4. EXPIRATION OF OPTION. The Option shall expire or terminate and may
not be exercised to any extent by the Optionee after the first to occur of the
following events:
(a) The tenth anniversary of the Date of Grant, or such earlier time
as the Company may determine is necessary or appropriate in light of applicable
foreign tax laws; or
(b) The first anniversary of the date of the Optionee's Termination of
Employment for any reason other than the Optionee's death, Permanent Disability,
Retirement, termination for Good Reason or involuntary Termination of Employment
by the Company without Cause; or
(c) Immediately upon the Optionee's Termination of Employment for
Cause.
5. TRANSFERABILITY. Other than as specifically provided in the Plan
with regard to the death of the Optionee, this Option agreement and any benefit
provided or accruing hereunder shall not be subject in any manner to
anticipation, alienation, sale, transfer, assignment, pledge, encumbrance, or
charge; and any attempt to do so shall be void.
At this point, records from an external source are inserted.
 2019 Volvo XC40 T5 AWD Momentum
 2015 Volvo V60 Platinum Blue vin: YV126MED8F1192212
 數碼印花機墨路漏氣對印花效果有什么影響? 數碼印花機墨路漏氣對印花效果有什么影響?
No such benefit shall, prior to
receipt thereof by the Optionee, be in any manner liable for or subject to the
debts, contracts, liabilities, engagements or torts of the Optionee.
4
6. NO RIGHT TO EMPLOYMENT. The execution and delivery of this
agreement and the granting of the Option hereunder shall not constitute or be
evidence of any agreement or understanding, express or implied, on the part of
the Company or its subsidiaries to employ the Optionee for any specific period
or in any particular capacity shall not prevent the Company or its subsidiaries
from terminating the Optionee's employment at any time with or without Cause.
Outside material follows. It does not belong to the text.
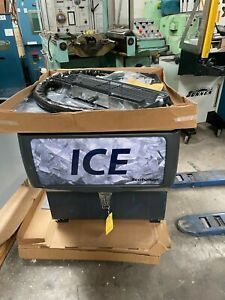 Scotsman® ID200B-1A Counter 200 Lbs. Capacity Ice Only Dispenser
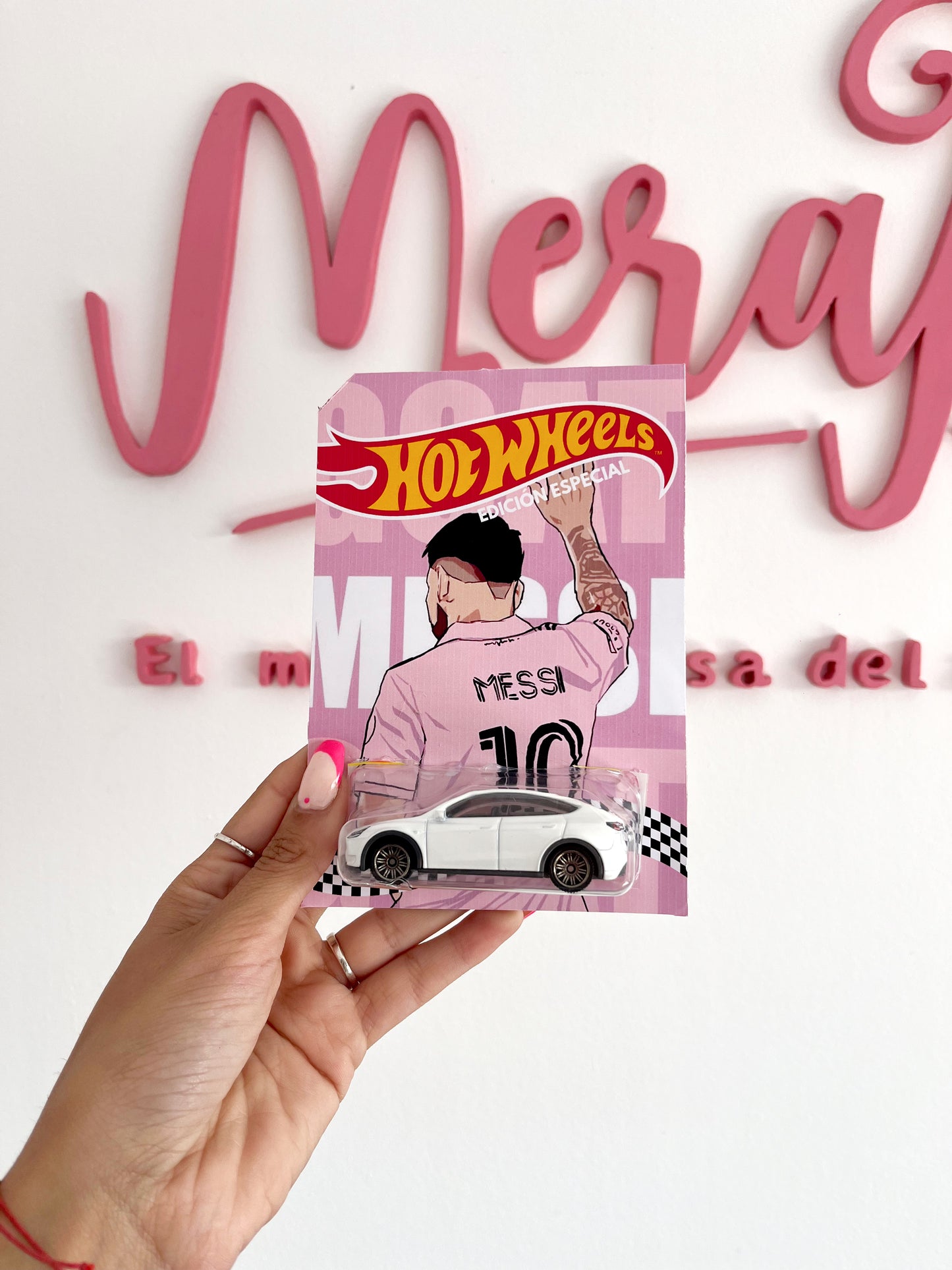 Box Hot Wheels x Messi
7. ADJUSTMENTS IN OPTION. In the event that the outstanding shares of
the Common Stock subject to the Option are, from time to time, changed into or
exchanged for a different number or kind of shares of the Company or other
securities by reason of a merger, consolidation, recapitalization,
reclassification, stock split, stock dividend, combination of shares, or
otherwise, the Committee may make an appropriate and equitable adjustment in the
number and kind of shares or other consideration as to which the Option, or
portions thereof then unexercised, shall be exercisable. Any adjustment made by
the Committee shall be final and binding upon the Optionee, the Company and all
other interested persons.
8. APPLICATION OF LAWS. The granting and the exercise of this Option
and the obligations of the Company to sell and deliver shares hereunder and to
remit cash under the broker-dealer exercise method shall be subject to all
applicable laws, rules, and regulations and to such approvals of any
governmental agencies as may be required.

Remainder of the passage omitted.